Gambling Commission publishes final quarterly participation report
The British regulator’s last survey of this kind found participation and problem gambling remained stable.
UK.- Britain’s Gambling Commission has published the last of its quarterly telephone surveys on participation and problem gambling. The statistical reports will be replaced by the new Gambling Survey for Great Britain from November.
This last report found very little change against the previous quarter and year. All categories remained statistically stable, with the Problem Gambling Severity Index (PGSI) up a negligible amount from 0.2 to 0.3 per cent.
Yonder Consulting surveyed 4,002 over 16s in March and found that the in-person gambling participation rate remained at 27 per cent, still down considerably against the 35 per cent before the Covid-19 pandemic. The online gambling participation remained at 26 per cent.
The telephone survey has been carried out by Yonder Consulting since 2016 and found no “dramatic or sustained” increase in gambling participation overall. The rates were “significantly higher” in 2016 compared to 2022 and 2023.
In-person gambling participation fell during the Covid-19 pandemic when land-based venues were closed and has yet to fully recover. Meanwhile, online gambling participation has been growing steadily over the seven years, mainly led by the rise in National Lottery ticket sales online.
Of some concern, there has been a marked decline in the number of people who believe gambling is conducted fairly. Trust in the industry has stabilised, however, after hitting a low in 2019-2020. There has also been a decline in the number of players classed as moderate and low risk.
New Gambling Survey for Great Britain
From November, the Gambling Commission will be reporting on gambling participation using a new methodology developed by the National Centre for Social Research (NatCen). The new survey was piloted last May and was approved by the regulator despite concerns that it may oversample problem gamblers.

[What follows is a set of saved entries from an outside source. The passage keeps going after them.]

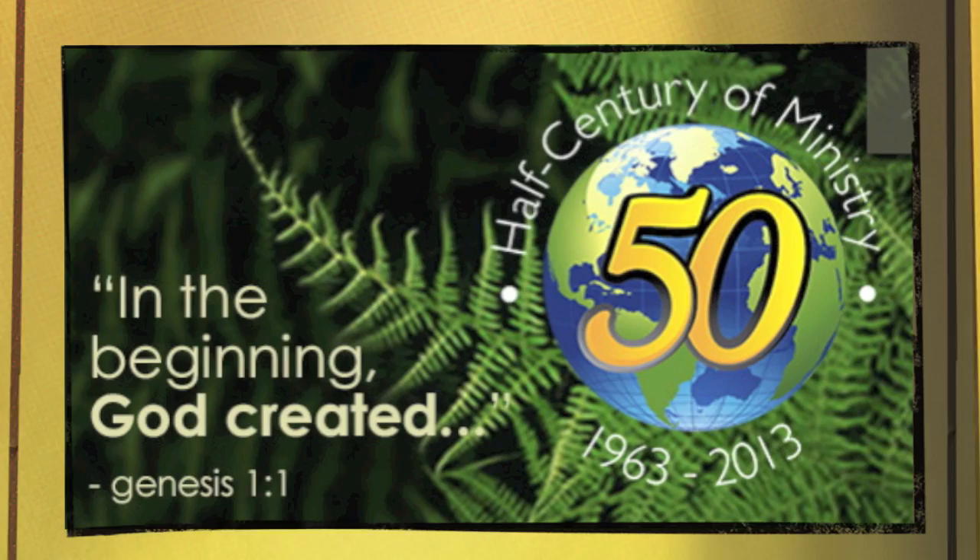Visit us online at creationmoments.com to listen to thousands of radio programs just like the one you heard today. Creation Moments, proclaiming evidence of God's truth.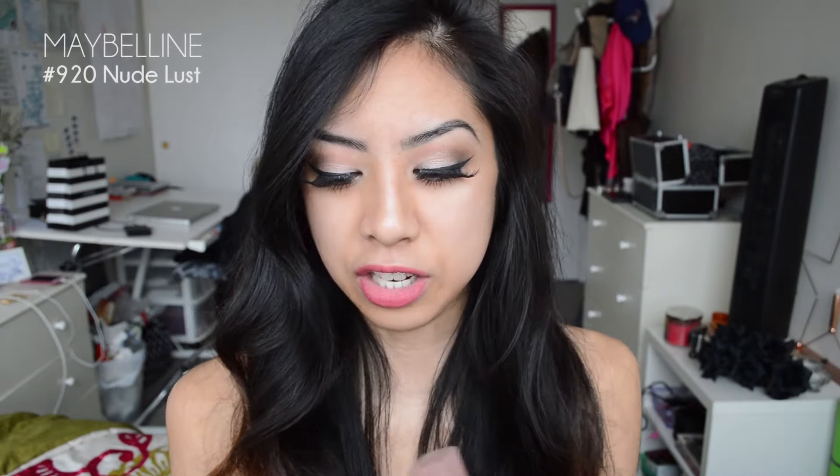The first one is number 920 Nude Lust. I don't really wear this one that much because it is a little too light for my skin tone, but when I want to tone down a lipstick I use that color. The next one is number 930 Truffle Tees — this one is my favorite nude color. It is perfect for my skin tone and it just really works well for me.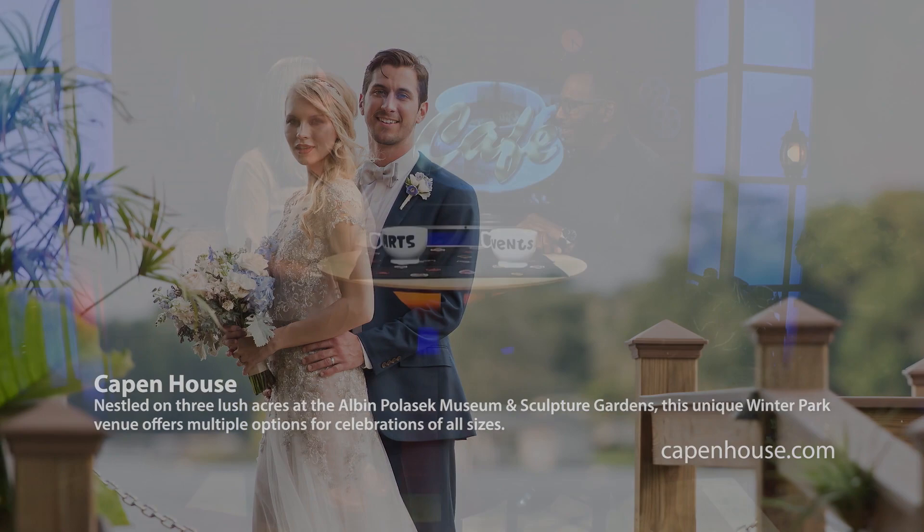Thank you for being with us, Tammy. And if you haven't been to the Palaszczuk Museum and Sculpture Gardens, make your way there. It is one of the gems here in Central Florida. Thank you.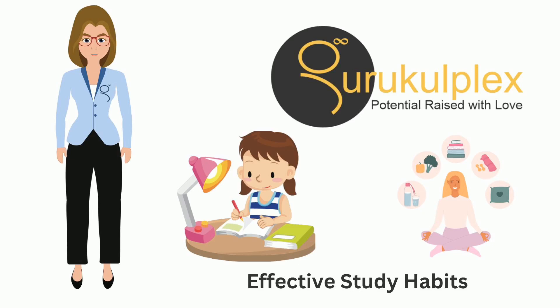Let's talk about study techniques. Not all subjects are created equal, nor should your study methods be. If you're tackling a mountain of readings, the SQ3R method can guide you: survey, question, read, recite, review.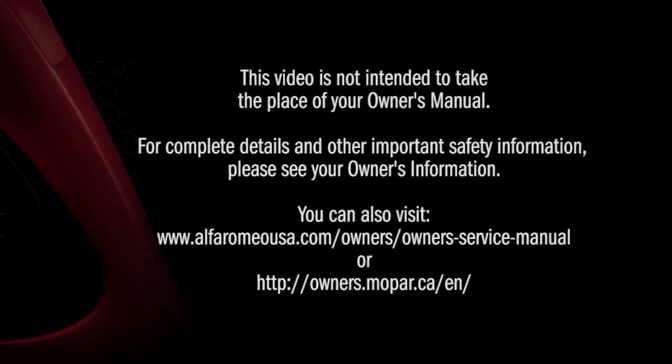This video is not intended to take the place of your Owner's Manual. For complete details and other important safety information, please see your Owner's Manual.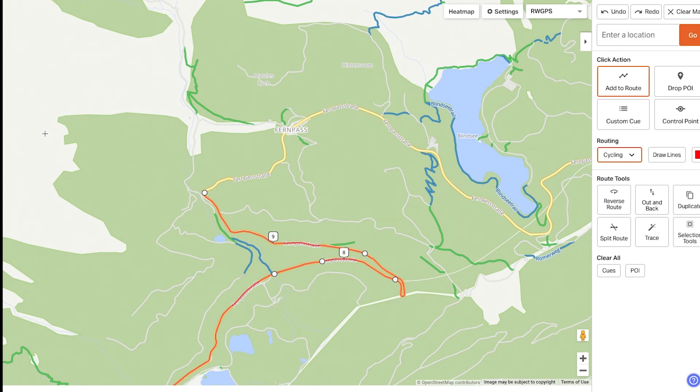Next time there's a section you think you should be able to route through but can't, be sure to play around with different map types so you can build exactly the ride you want using our web app.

The second stage of the project saw NatCen make more tests to refine the survey’s methodology and content. Two experiments tested the content and sampling. The first tested the survey’s household selection and the presentation of harms statements while the second was a split sample experiment designed to find the “optimum approach” for the number of adults per household invited to take part.
NatGen recommended that for the final methodology two, rather than four, adults per household be invited to take part and that a four-point scale be maintained.